▶ [Extracted data]
^^^^
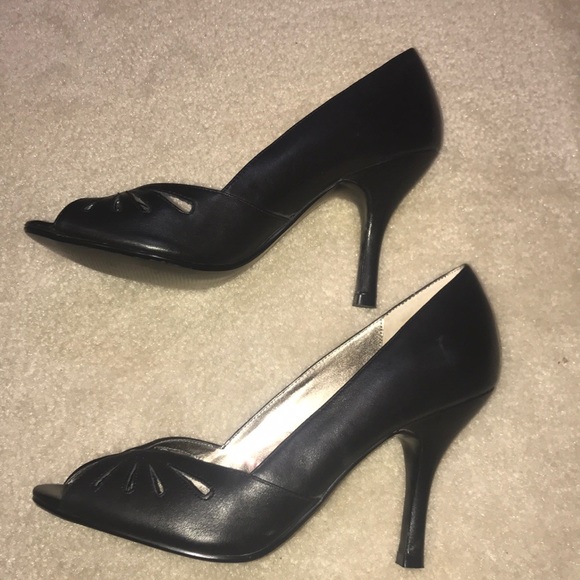 Steve Madden "Like New" Peep Toe Heel - Picture 6 of 8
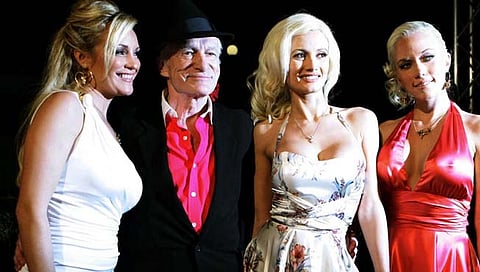 व्हीआयपींसाठी सेलिब्रेटीकडून अडल्ट पार्टी, सेक्स वर्कर्सची डॉक्टर करत होते तपासणी !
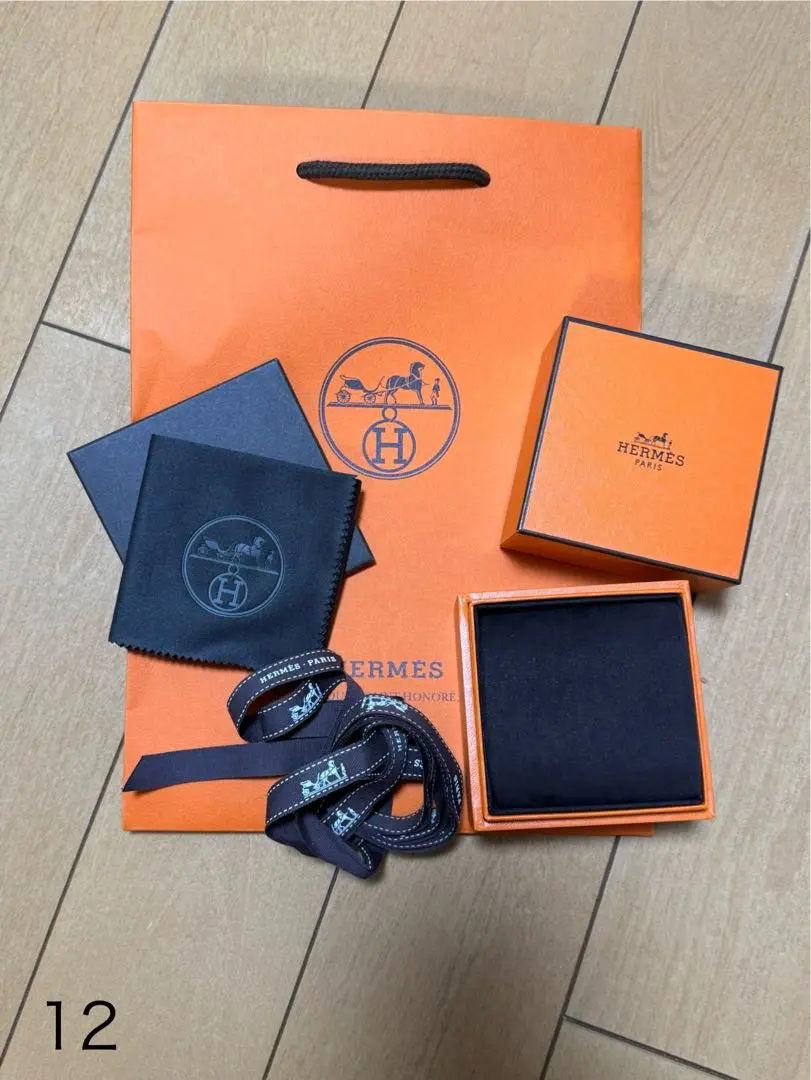 エ*ル様 美品HERMES エルメス シェーヌダンクル 空箱 空き箱 ギフトボッ 2025年最新】シェーヌダンクル空箱の人気アイテム - メルカリ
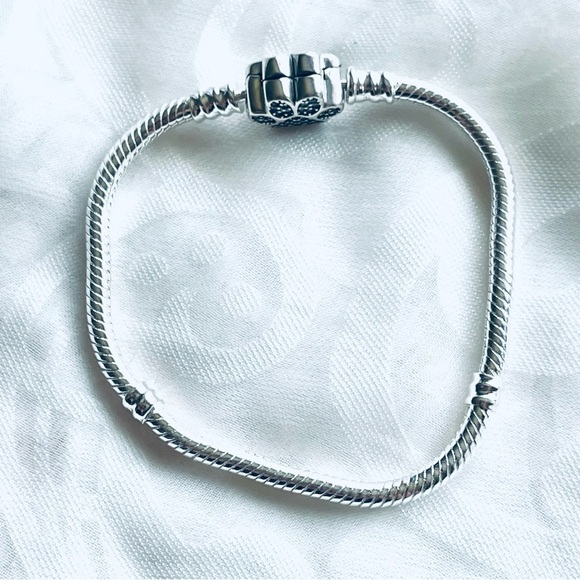 🐾 NWT Paw Bangle Bracelet - Picture 7 of 9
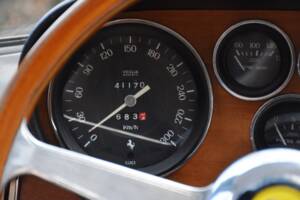 Bild 22/43 von Ferrari 365 GT 2+2 (1970)
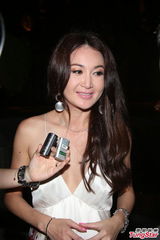 组图：温碧霞吊带裙亮相生日趴 与老公亲密接吻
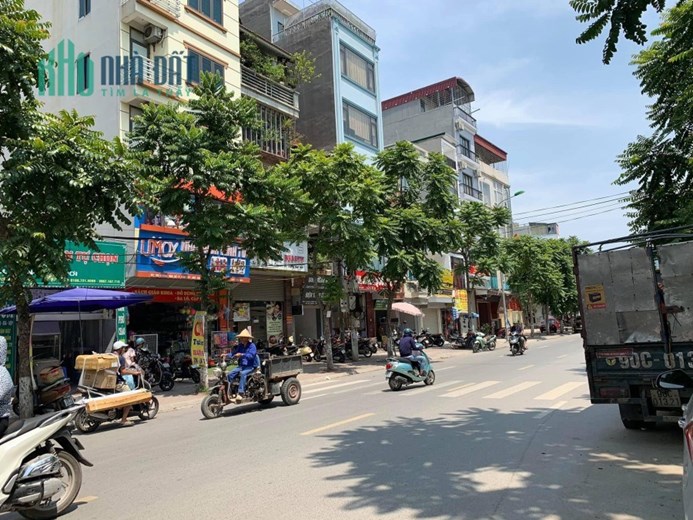 PHÂN LÔ QUAN NHÂN CẦU GIẤY - Ô TÔ TRÁNH - VỈA HÈ SIÊU RỘNG - KINH DOANH ĐỈNH - 60M2 GIÁ CHÀO 16.2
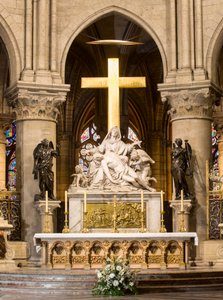 Descendimiento de la Cruz, Altar Mayor, Notre Dame, París, c.1695-1705 (mármol) de Nicolas Coustou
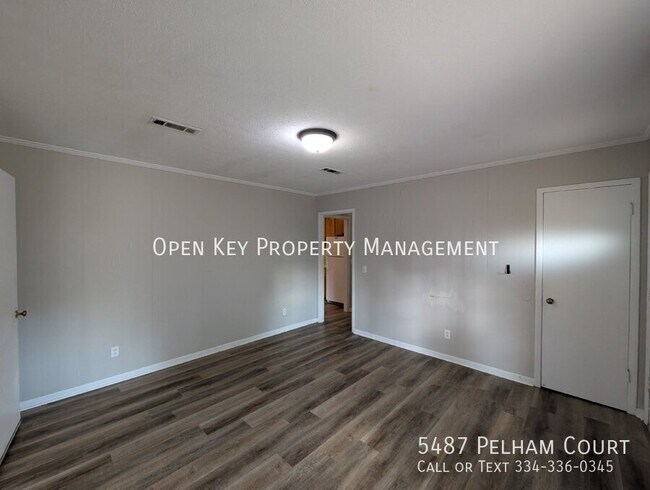 Foto del edificio - 5487 Pelham Ct
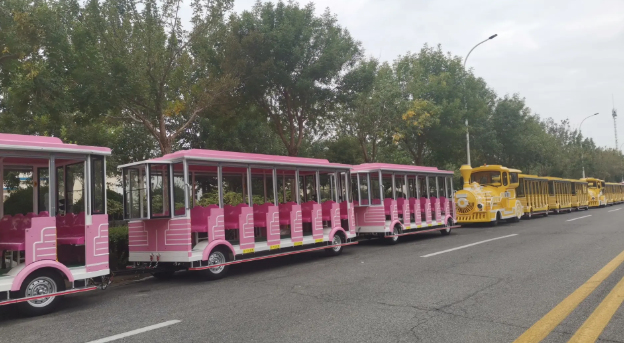 柴油轮式小火车带火的景区打卡新方式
^^^^
▶ [Task details] Before handing back the copy, remove the pictures; otherwise print the data exactly.

▶ [Problem solution]
 Steve Madden "Like New" Peep Toe Heel - Picture 6 of 8
 व्हीआयपींसाठी सेलिब्रेटीकडून अडल्ट पार्टी, सेक्स वर्कर्सची डॉक्टर करत होते तपासणी !
 エ*ル様 美品HERMES エルメス シェーヌダンクル 空箱 空き箱 ギフトボッ 2025年最新】シェーヌダンクル空箱の人気アイテム - メルカリ
 🐾 NWT Paw Bangle Bracelet - Picture 7 of 9
 Bild 22/43 von Ferrari 365 GT 2+2 (1970)
 组图：温碧霞吊带裙亮相生日趴 与老公亲密接吻
 PHÂN LÔ QUAN NHÂN CẦU GIẤY - Ô TÔ TRÁNH - VỈA HÈ SIÊU RỘNG - KINH DOANH ĐỈNH - 60M2 GIÁ CHÀO 16.2
 Descendimiento de la Cruz, Altar Mayor, Notre Dame, París, c.1695-1705 (mármol) de Nicolas Coustou
 Foto del edificio - 5487 Pelham Ct
 柴油轮式小火车带火的景区打卡新方式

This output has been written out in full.